Help to understand match fields

I have a Problem i have a es database with a huge amount of text and now i try to understand why one article is not found.

Here we have our ES-Indexsettings:

{
	"stories": {
		"aliases": {},
		"mappings": {
			"stories": {
				"properties": {
					"author": {
						"type": "text",
						"fields": {
							"unstemmed": {
								"type": "text",
								"analyzer": "standard_unstemmed"
							}
						},
						"analyzer": "standard_unstemmed"
					},
					"body": {
						"type": "text",
						"fields": {
							"keyword": {
								"type": "keyword",
								"ignore_above": 256
							}
						}
					},
					"description": {
						"type": "text",
						"fields": {
							"keyword": {
								"type": "keyword",
								"ignore_above": 256
							}
						}
					},
					"id": {
						"type": "long"
					},
					"issue_id": {
						"type": "integer"
					},
					"issue_num": {
						"type": "text"
					},
					"page": {
						"type": "integer"
					},
					"pdf_name": {
						"type": "text",
						"analyzer": "standard"
					},
					"publication_id": {
						"type": "integer"
					},
					"title": {
						"type": "text",
						"term_vector": "yes",
						"analyzer": "standard"
					},
					"year": {
						"type": "integer"
					}
				}
			}
		},
		"settings": {
			"index": {
				"number_of_shards": "5",
				"provided_name": "stories",
				"creation_date": "1651220881876",
				"analysis": {
					"filter": {
						"german_stemmer": {
							"name": "light_german",
							"type": "stemmer"
						},
						"synonym_filter": {
							"type": "synonym",
							"synonyms_path": "/var/elasticsearch/synonyms/default"
						}
					},
					"analyzer": {
						"standard": {
							"filter": [
								"lowercase",
								"german_stemmer",
								"synonym_filter"
							],
							"tokenizer": "standard"
						},
						"standard_unstemmed": {
							"filter": [
								"lowercase"
							],
							"tokenizer": "standard"
						}
					}
				},
				"number_of_replicas": "1",
				"uuid": "GwFIUXUVSp-XLZyPN6gx4w",
				"version": {
					"created": "6082099",
					"upgraded": "6082399"
				}
			}
		}
	}
}

Now i have that one entry in ES where in the body its written like that:

"body": {
...

Zahnfehlbildungen dieses Medikament, was zu neuem Zahndurchbruch führte.\nWeiterführende Untersuchungen an Frettchen zeigten, dass\ndie Verabreichung des Medikaments zu einem zusätzlichen\nSchneidezahn führte. Da dieser neue Zahn zwischen den be-\n\nco\nm\n\nQuellen:\nZWP online \/ THE MAINICHI NEWSPAPERS\n\nPermadental  verstärkt sein Team\nRainer Woyna verfügt über 25 Jahre Berufserfahrung in der Dentalbranche.\nDie Permadental GmbH als einer der führenden Anbieter\nvon Zahnersatz in Deutschland gehört zur international\nerfolgreichen Modern Dental Group. Produktionsstätten\nin Deutschland, den Niederlanden und Asien ermöglichen es, durch innovative
...
}

//In here its that phrase

\nZWP online \/ THE MAINICHI NEWSPAPERS\n\n **Permadental**

We are searching for the word Permadental and in our match phrase:

	"query": {
		"bool": {
			"must": {
				"multi_match": {
					"query": "Permadental",
					"type": "phrase_prefix",
					"fields": [
						"title^2",
						"author.unstemmed",
						"body.unstemmed",
						"description"
					]
				}
			}

It is not being found if I remove the unstemmed from body it is found. I sadly just took that code from a worker who leaved and i dont really understand what taht field keyword means in there. Because i dont really see if this is a filter or an analyzer also not found a resource in documentation about that.
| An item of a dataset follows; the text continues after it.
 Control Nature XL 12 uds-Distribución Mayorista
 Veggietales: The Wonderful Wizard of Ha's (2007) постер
Or if it belongs to the ignore_above entry on the keyword but i dont think that is the case because like i said the unstemmed removed and it works.
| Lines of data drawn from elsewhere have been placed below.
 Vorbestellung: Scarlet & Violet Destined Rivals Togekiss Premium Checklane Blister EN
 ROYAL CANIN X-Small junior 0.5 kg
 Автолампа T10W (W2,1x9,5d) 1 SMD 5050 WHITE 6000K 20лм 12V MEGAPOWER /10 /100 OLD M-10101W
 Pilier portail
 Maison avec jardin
So just if u have any resource for clarification and dive deeper in that would be awesome.

Best Regards

I think i know why i found no info about that inside the documentation because, its like a custom analyzer for that specific field, its not declared in the mapping properties, when i started to take over our search there was also title.basic and body.unstemmed, so might be just an mistake from the last developer and the search never worked for title and body atleast for that index.

Hi @libertey

Analyzing your mapping only the "author" field has the "unstemmed" sub-fields and the "body" field does not. Maybe that's why the query works when you just use "body".

This topic was automatically closed 28 days after the last reply. New replies are no longer allowed.